What you will do: Quote all lines below exactly. Images stay out.

Task input:
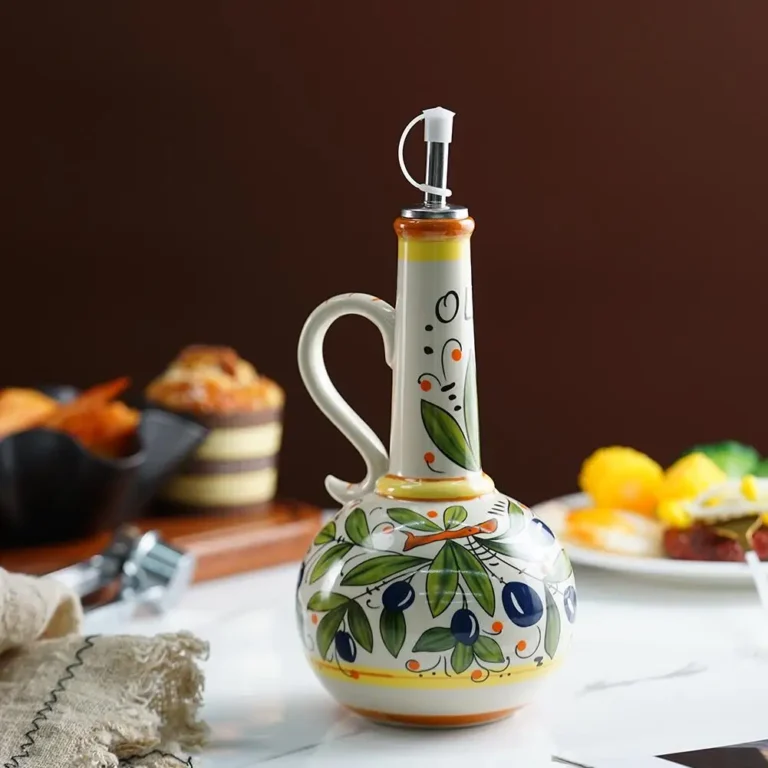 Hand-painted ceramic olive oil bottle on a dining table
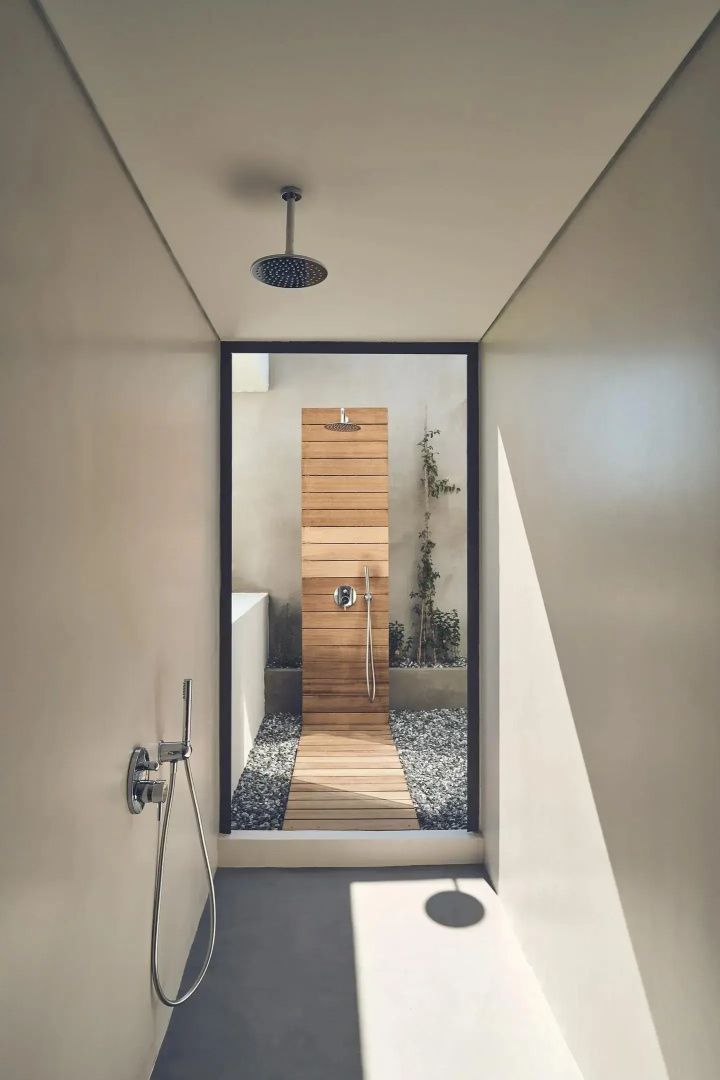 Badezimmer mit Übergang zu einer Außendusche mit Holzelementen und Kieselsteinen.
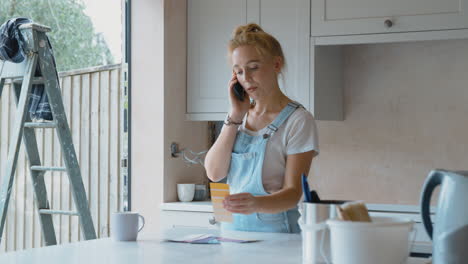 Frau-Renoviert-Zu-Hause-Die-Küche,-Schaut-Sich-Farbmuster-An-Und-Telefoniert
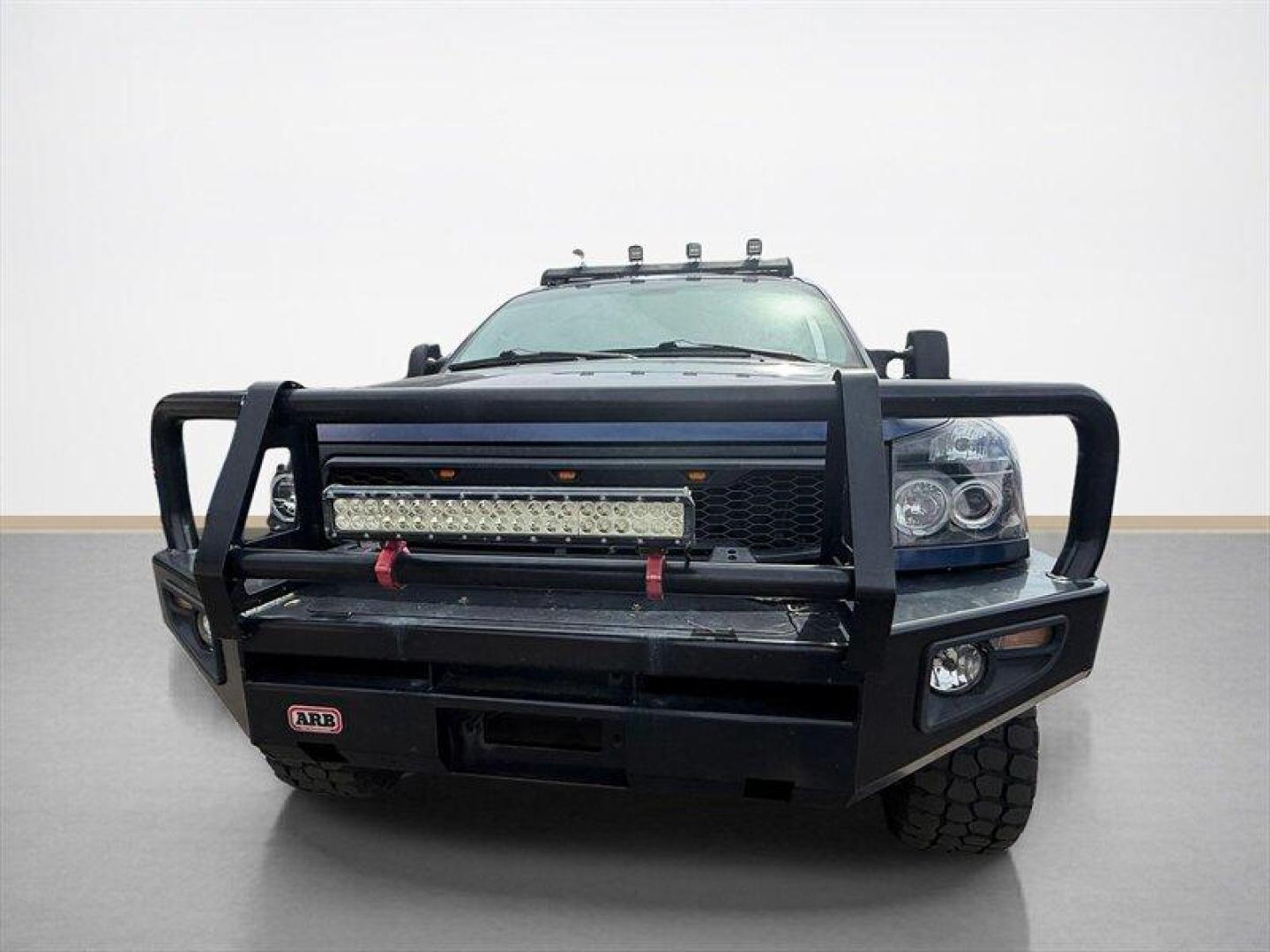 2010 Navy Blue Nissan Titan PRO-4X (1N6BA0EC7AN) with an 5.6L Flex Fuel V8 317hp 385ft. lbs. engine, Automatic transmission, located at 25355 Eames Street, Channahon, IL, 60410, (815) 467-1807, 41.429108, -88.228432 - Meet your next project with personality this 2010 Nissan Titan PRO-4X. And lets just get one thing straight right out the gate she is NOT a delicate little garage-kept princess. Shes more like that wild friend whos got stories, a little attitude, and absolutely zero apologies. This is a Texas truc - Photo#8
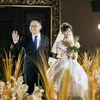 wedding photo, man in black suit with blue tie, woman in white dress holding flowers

Task response:
 Hand-painted ceramic olive oil bottle on a dining table
 Badezimmer mit Übergang zu einer Außendusche mit Holzelementen und Kieselsteinen.
 Frau-Renoviert-Zu-Hause-Die-Küche,-Schaut-Sich-Farbmuster-An-Und-Telefoniert
 2010 Navy Blue Nissan Titan PRO-4X (1N6BA0EC7AN) with an 5.6L Flex Fuel V8 317hp 385ft. lbs. engine, Automatic transmission, located at 25355 Eames Street, Channahon, IL, 60410, (815) 467-1807, 41.429108, -88.228432 - Meet your next project with personality this 2010 Nissan Titan PRO-4X. And lets just get one thing straight right out the gate she is NOT a delicate little garage-kept princess. Shes more like that wild friend whos got stories, a little attitude, and absolutely zero apologies. This is a Texas truc - Photo#8
 wedding photo, man in black suit with blue tie, woman in white dress holding flowers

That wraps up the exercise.